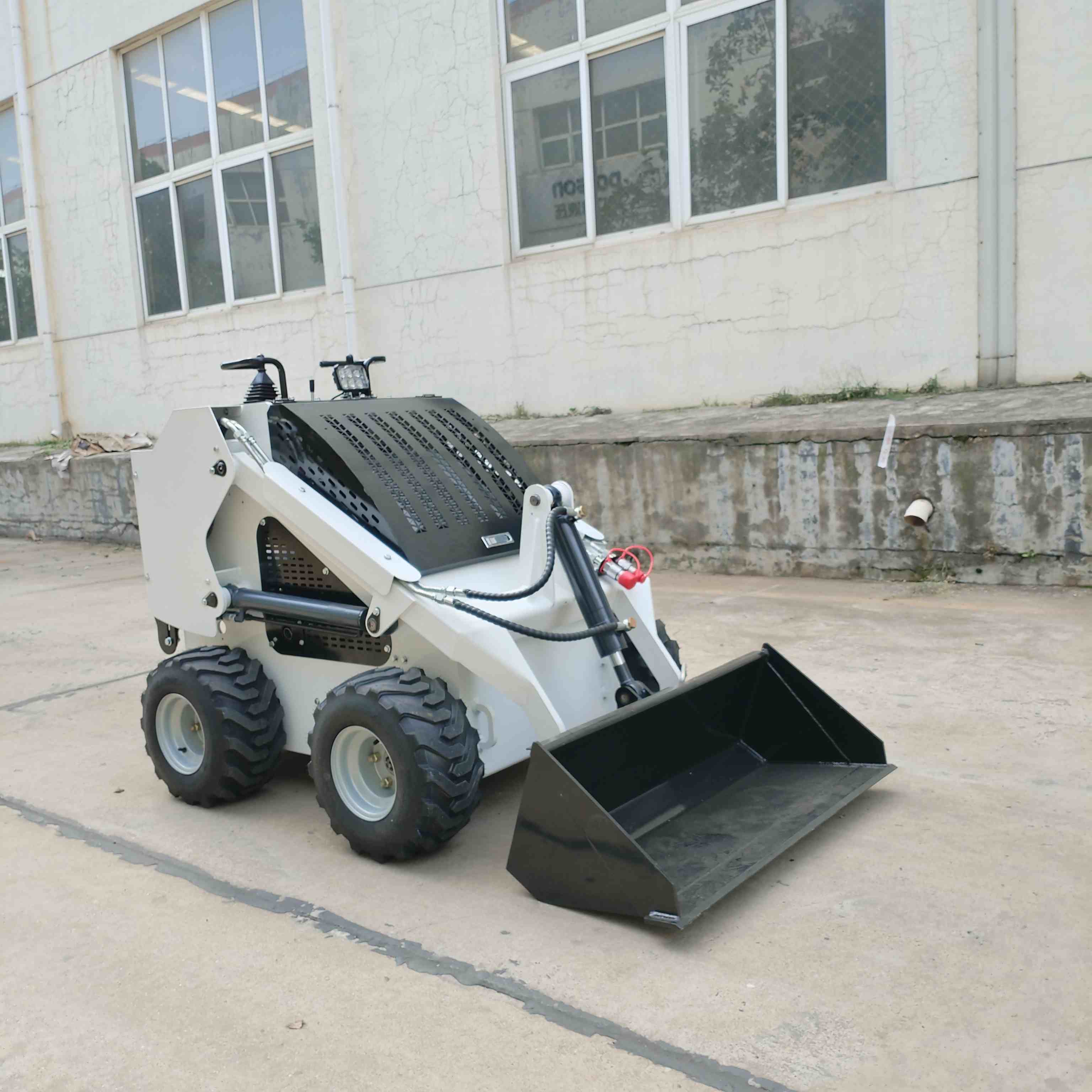 1.2-ton tracked skid steer loader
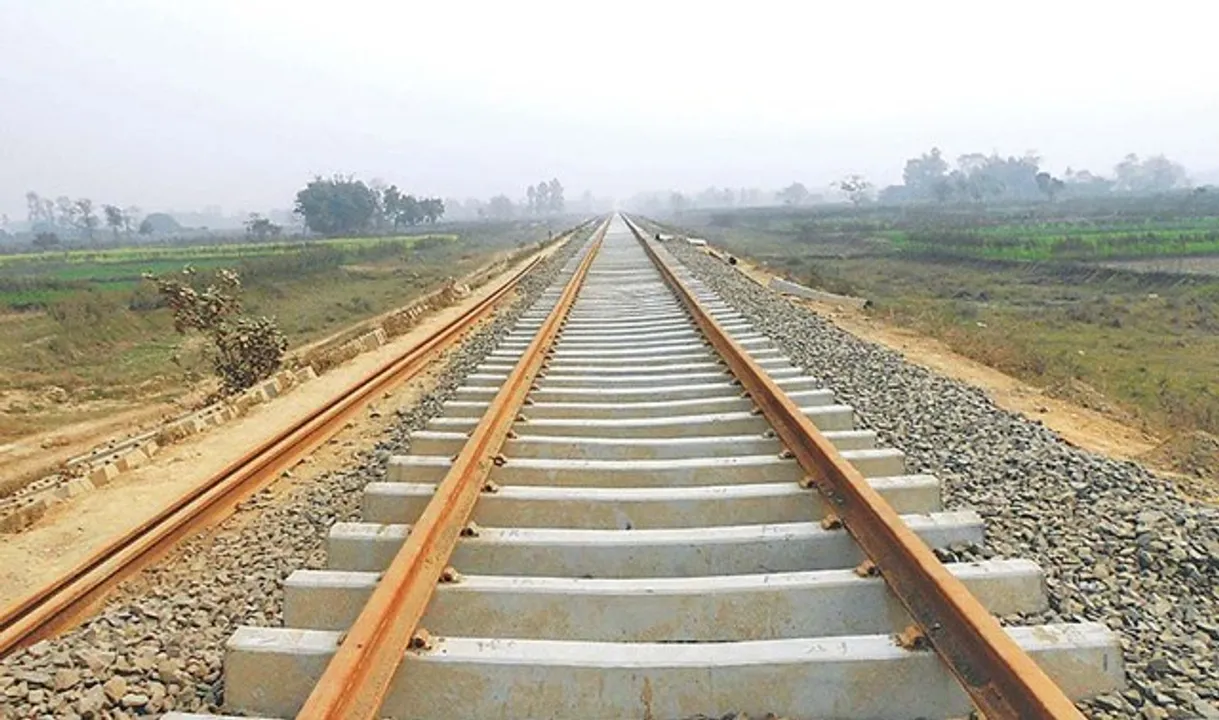 ରେଳ ୱାର୍କସପରେ ଡିଜେଲ ବଦଳରେ ବ୍ୟବହାର ହେବ ପ୍ରାକୃତିକ ଗ୍ୟାସ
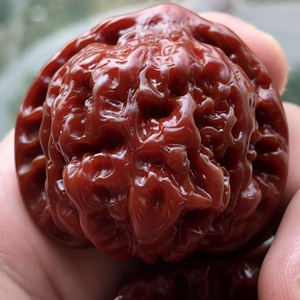机刷包浆玉化文玩核桃 官帽核桃 苹果园狮子头核桃尺寸40~48mm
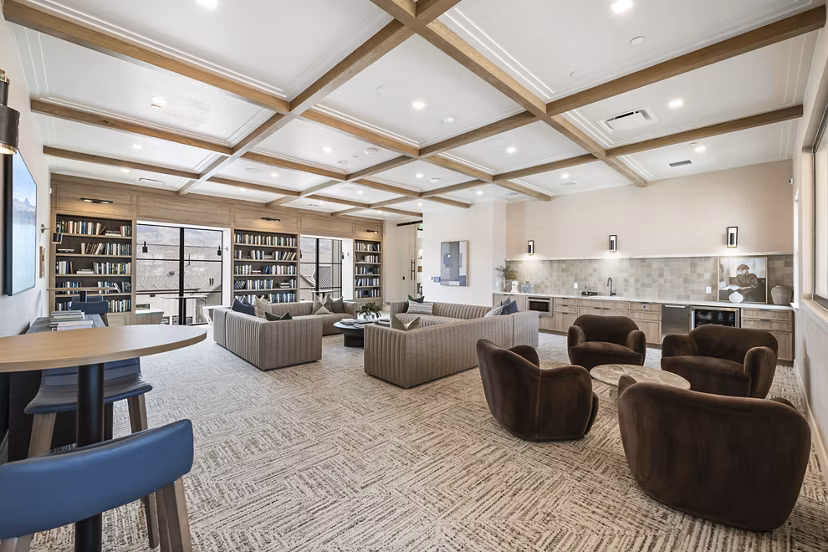 clubhouse at Viviano at Saratoga Springs Apartments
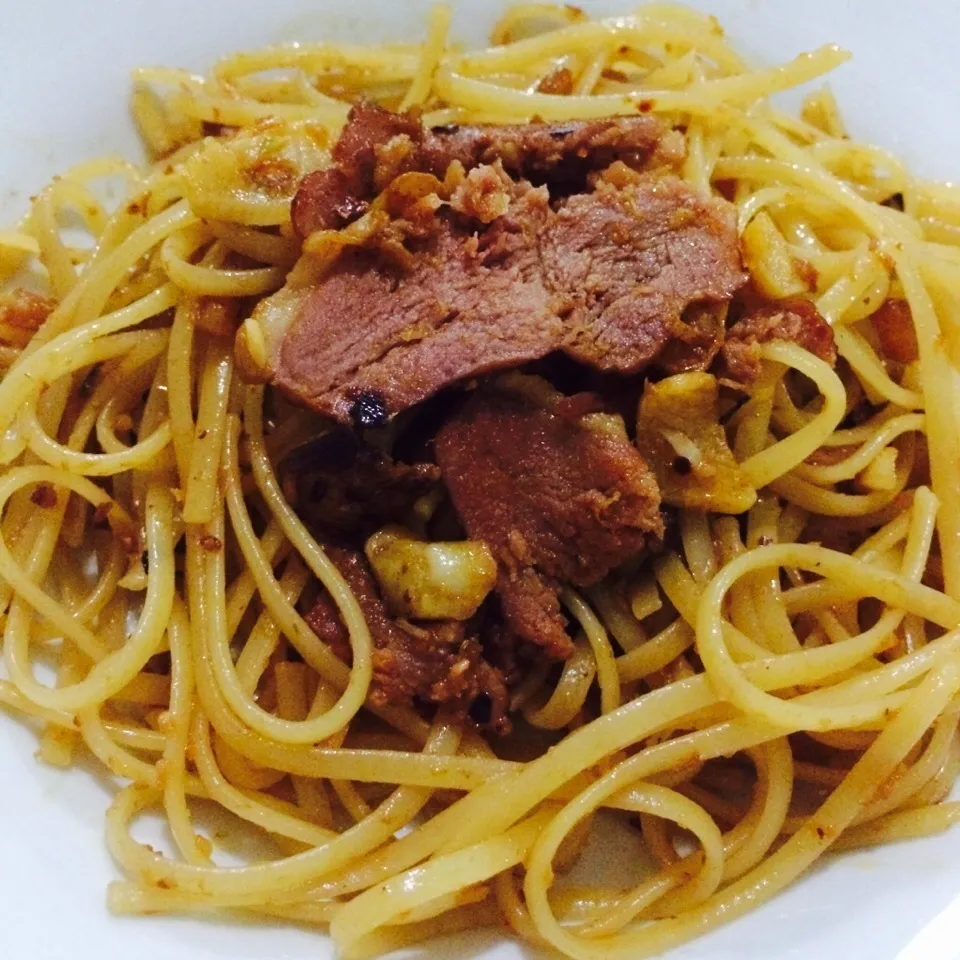 Hay bee hiam linguine with shredded smoke duck|Trish Wongさん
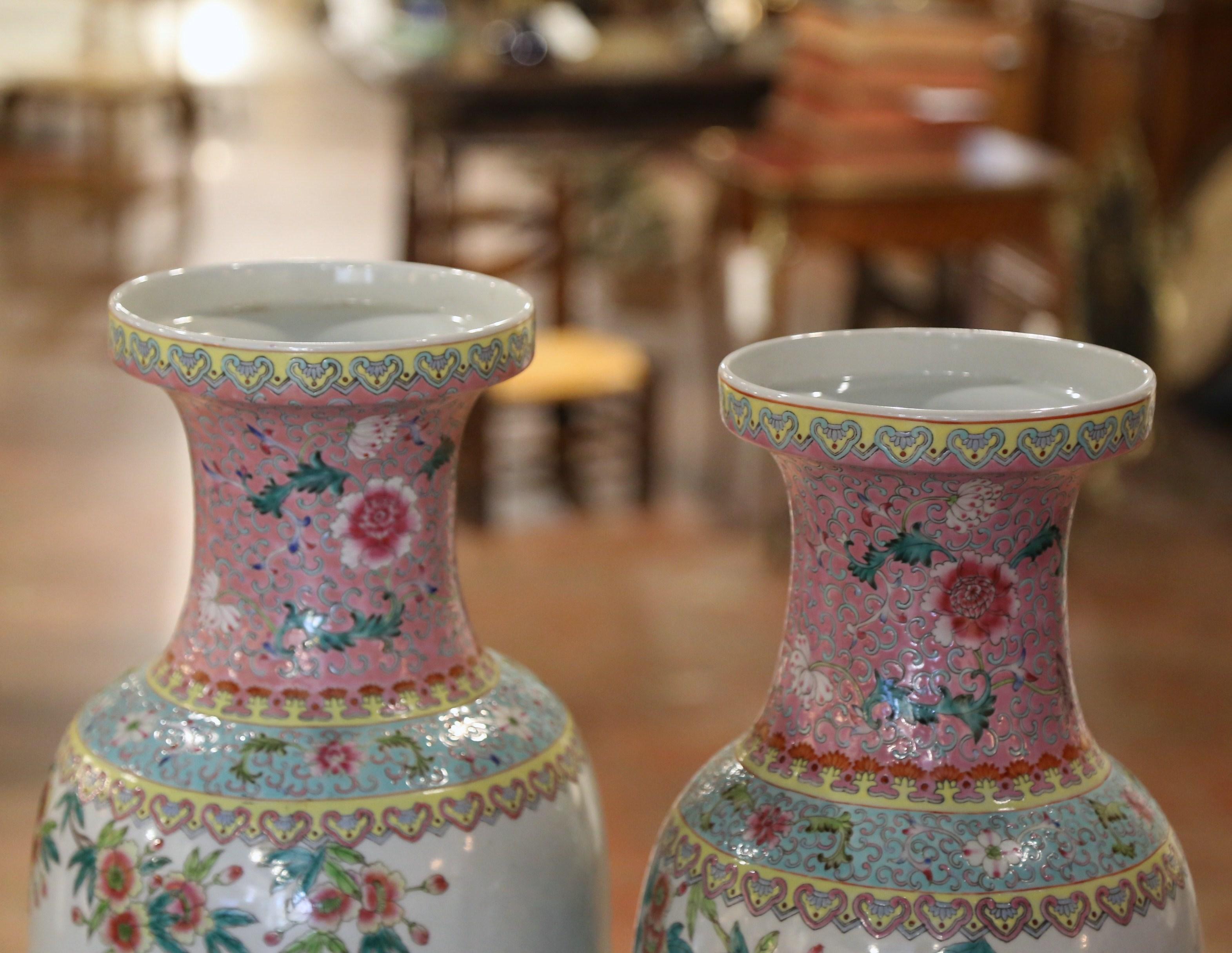 Paar chinesische Famille-Rose-Porzellanvasen, handbemalt, Mid-Century (20. Jahrhundert) im Angebot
========================
WHAT IS EXPECTED -
Output the records exactly. Drop the images.

TASK ANSWER -
 1.2-ton tracked skid steer loader
 ରେଳ ୱାର୍କସପରେ ଡିଜେଲ ବଦଳରେ ବ୍ୟବହାର ହେବ ପ୍ରାକୃତିକ ଗ୍ୟାସ
机刷包浆玉化文玩核桃 官帽核桃 苹果园狮子头核桃尺寸40~48mm
 clubhouse at Viviano at Saratoga Springs Apartments
 Hay bee hiam linguine with shredded smoke duck|Trish Wongさん
 Paar chinesische Famille-Rose-Porzellanvasen, handbemalt, Mid-Century (20. Jahrhundert) im Angebot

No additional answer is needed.